This past week I have praying with his poems in response to the ‘O’ Antiphons. I was particularly moved by his poem “O Rex Gentium,” that brings together, in an interesting way, what I had been studying this term. I took courses on theological anthropology (how we understand creation and humanity’s relationship to God as Creator), eschatology (how we understand the ‘end times’) and early Christian history (the birth of the Christian churches).
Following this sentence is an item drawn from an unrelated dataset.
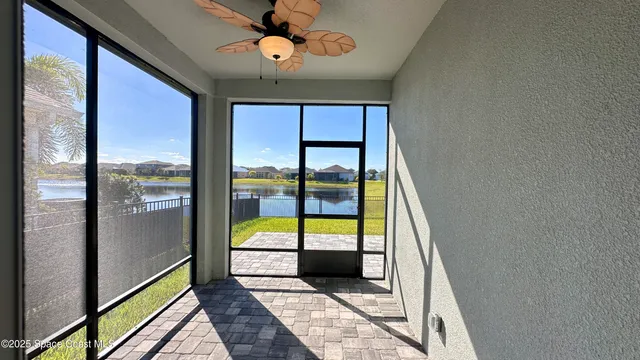 a front view of a house with a garden and parking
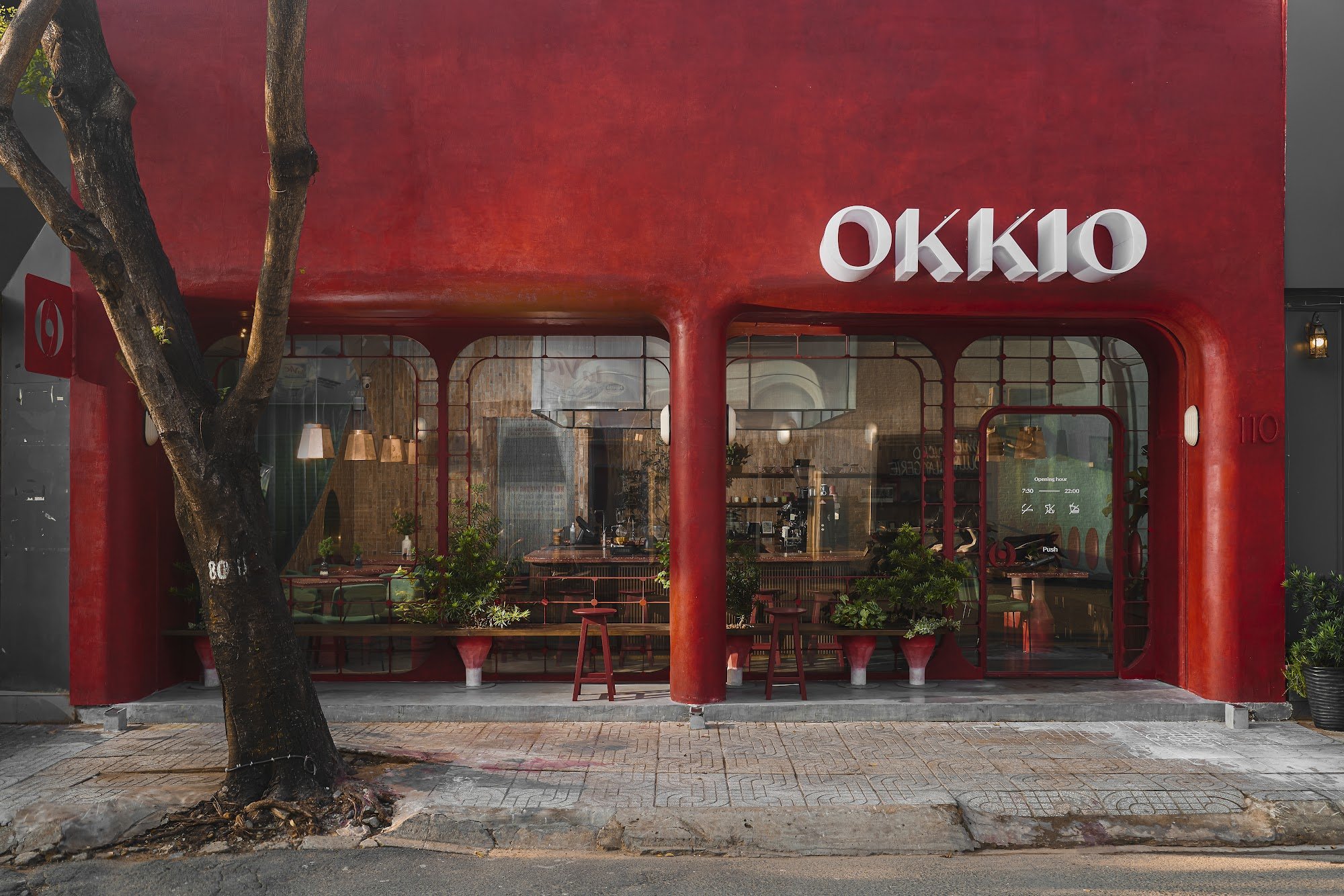 The image shows an exterior view of a restaurant named 'OKK1O'. The establishment has a bold red facade with large windows revealing the interior seat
These themes are reflected in his evocative description of Christ, the King of the Peoples/Nations.
I leave this poem as a prelude to the Nativity, which we will celebrate in just a few hours.
O Rex Gentium O King of our desire whom we despise, King of the nations never on the throne, Unfound foundation, cast-off cornerstone, Rejected joiner, making many one. You have no form or beauty for our eyes, A King who comes to give away his crown, A King within our rags of flesh and bone. We pierce the flesh that pierces our disguise, For we ourselves are found in you alone. Come to us now and find in us your throne, O King within, the child within the clay, O hidden King who shapes us in the play Of all creation. Shape us for the day Your coming Kingdom comes into its own. – Malcolm Guite
Coming out of the First Spiritual Exercises (FSE) retreat that recently concluded at Regis College, I made the resolution to make a retreat day once a month. Nothing too formal, just a day set aside to be with God and to hang out the way I hang out with friends. A time out from the usual routine.
So today I purposefully spent the day with God. We walked over to see the old Loretto convent on Brunswick Avenue, now turned into beautiful condos called “The Loretto”. Then we went to Indigo to browse the books and inadvertently stumbled upon Canadian icons. Sharon and Bram (of Sharon, Lois, and Bram fame) were there giving a children’s concert and talking about their book Skinnamarink.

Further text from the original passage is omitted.